We wrote about FLoC and the other initial batch of proposals when they were first introduced, calling FLoC “the opposite of privacy-preserving technology.” We hoped that the standards process would shed light on FLoC’s fundamental flaws, causing Google to reconsider pushing it forward. Indeed, several issues on the official Github page raise the exact same concerns that we highlight here. However, Google has continued developing the system, leaving the fundamentals nearly unchanged. It has started pitching FLoC to advertisers, boasting that FLoC is a “95% effective” replacement for cookie-based targeting. And starting with Chrome 89, released on March 2, it’s deploying the technology for a trial run. A small portion of Chrome users—still likely millions of people—will be (or have been) assigned to test the new technology.

Make no mistake, if Google does follow through on its plan to implement FLoC in Chrome, it will likely give everyone involved “options.” The system will probably be opt-in for the advertisers that will benefit from it, and opt-out for the users who stand to be hurt. Google will surely tout this as a step forward for “transparency and user control,” knowing full well that the vast majority of its users will not understand how FLoC works, and that very few will go out of their way to turn it off. It will pat itself on the back for ushering in a new, private era on the Web, free of the evil third-party cookie—the technology that Google helped extend well past its shelf life, making billions of dollars in the process.

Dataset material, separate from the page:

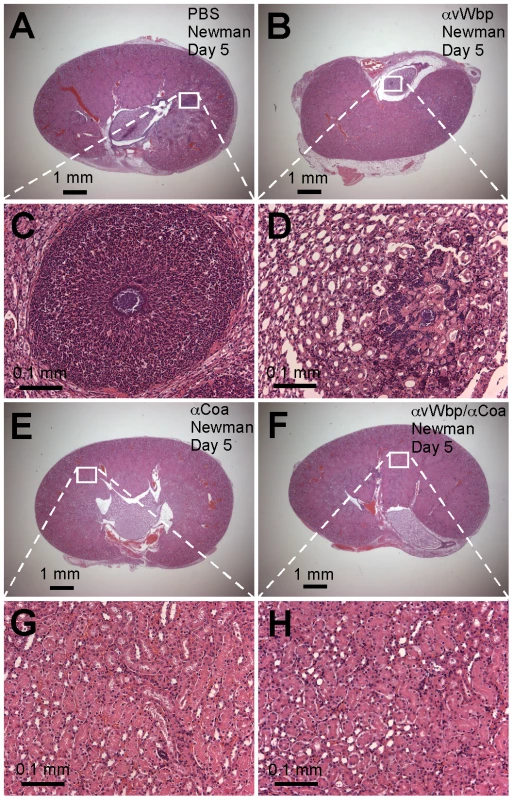 Passive transfer of coagulase antibodies confers protection against <i>S. aureus</i> abscess formation.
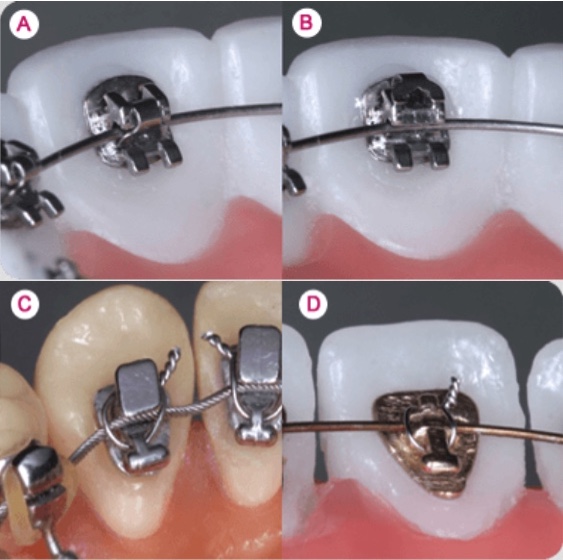 Lingual Technique KFO Hannover - Spring-Clip-System (A: closed, B: open for archwire exchange, in comparison to two older systems with wire ligature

It doesn’t have to be that way. The most important parts of the privacy sandbox, like dropping third-party identifiers and fighting fingerprinting, will genuinely change the Web for the better. Google can choose to dismantle the old scaffolding for surveillance without replacing it with something new and uniquely harmful.

We emphatically reject the future of FLoC. That is not the world we want, nor the one users deserve. Google needs to learn the correct lessons from the era of third-party tracking and design its browser to work for users, not for advertisers.